Wraparound multiplicaton vs mullo

Wed Sep 30 15:59:32 CEST 2009

David Harvey <dmharvey at cims.nyu.edu> writes:

>> * k = 1, p(x) = x^2 + 1, w = ±i (imaginary unit)
>>
>> We'd compute a(i) = a_0 + a_1 i, b(i) = b_0 + i b_1. We don't need to
>> evaluate in a(-i), since a(-i) = conjugate a(i) (real coefficients).
>> So we get only 1 complex mutliplication, which can be done as 3 real
>> multiplications in the coefficient ring. Which is no saving compared
>> to a full Karatsuba product.
>
> I think because x^2 + 1 is irreducible over Q. If your coefficient
> ring contained the roots of p(x), then you could do it with only two
> multiplications.

The way I think of it, coefficients are in the ring Z, I extend this
with the imaginary unit, to get Z[i] which is the same as Z[x] / (x^2
+ 1). (If one extends to the quotient ring, it also happens to be a
field, since x^2 + 1 is irreducible, but I don't think field
properties are important, all we need is that particular elements that
turn up in the interpolation stage are invertible).

Do you have some other extension or embedding of the coefficients in
mind?

>> * k = 3, p(x) = x^3 - 1, w_0 = 1, w_1 = w, w_2 = w^2 = conjugate(w),

> You can use x^3 - 1 = (x - 1)(x^2 + x + 1). The latter is irreducible
> over Q. So you get M(n) = M(n/3) + M(2n/3) + O(n), which might still
> be a saving depending on n. (In your language, 4 real multiplications
> instead of 9.)

It's long time since I did this kind of algebra. The root w above
should still be the relevant primitive root. But what your saying is
that it has order 2, not 3, thanks to the factorization.

But then you lose me. We still have to do multiplication in the ring
Z[X] / (x^2 + x + 1). If we represent elements as polynomials of
degree one, we get multiplication as

  (a0 + a1 x) * (b0 + b1 x)
    = a0*b0 + (a0*b1 + a1*b0) x + a1*b1 x^2
    = a0*b0 + (a0*b1 + a1*b0) x - a1*b1 (x + 1)   (mod (x^2 + x + 1))
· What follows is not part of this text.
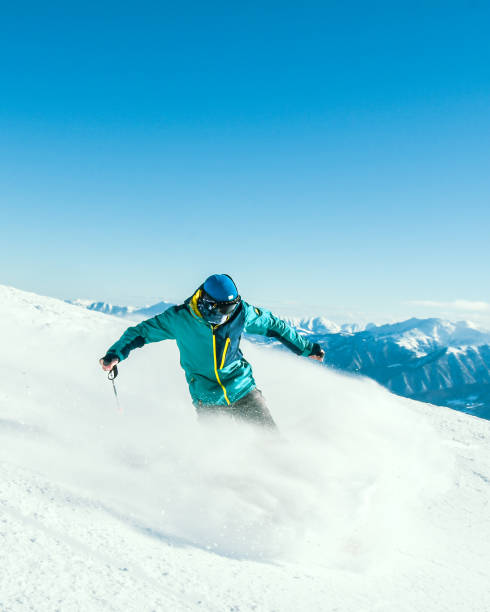 istock Close up vertical banner male skier on piste ski downhill extreme stops pull breaks fast motion in Alps. Active winter holidays, skiing downhill in overcast day. Ski rides on the track with swirls 2167916054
which needs 4 multiplications in the coefficient ring. And then we
also have the (x-1) factor/modulo/evaluation which also corresponds to
one multiply. So in total, we get 5 real multiplicatinos, the same as
for a full Toom-3 multiplication.

Or are you thinking of some trick to reduce the multiplication in Z[x]
/ (x^2 + x + 1) to 3, rather than 4, real multiplications? Maybe it
follows directly in some way I don't understand from the corresponding
trick for Z[x] / (x^2 + 1) ?

> That's a really good question. I'm pretty sure mod 2^n is faster in
> the basecase region.

For the smallest sizes, basecase mullo ought to win, but it's not
obvious to me how the thresholds for the x^4 - 1 algorithm relates to the
Karatsuba and Toom thresholds.

Schoolbook mullo takes 0.5 M(n) = 0.5 n^2. The x^2 - 1 has the same
quadratic term but larger linear overhead, so it can't be faster. x^4
- 1 algorithm takes 0.31 n^2 + O(n) (if I got thtat calculation
right). So it *might* be faster even below the Karatsuba threshold,
depending on the linear koefficient in the running time.

On x86_64, the Karatsuba threshold seems to be 28 limbs, so the x^4 - 1
algorithm will use schoolbook for the recursive calls up to n = 112
limbs. And the x^2 - 1 algorithm cannot be faster than schoolbook
mullo until sizes are a bit above twice the Karatsuba threshold, i.e
56 words. Quite difficult to predict which algorithm will win in the
range 50-200 limbs, where the coefficient multiplies are using
schoolbook or Karatsuba.

Regards,
/Niels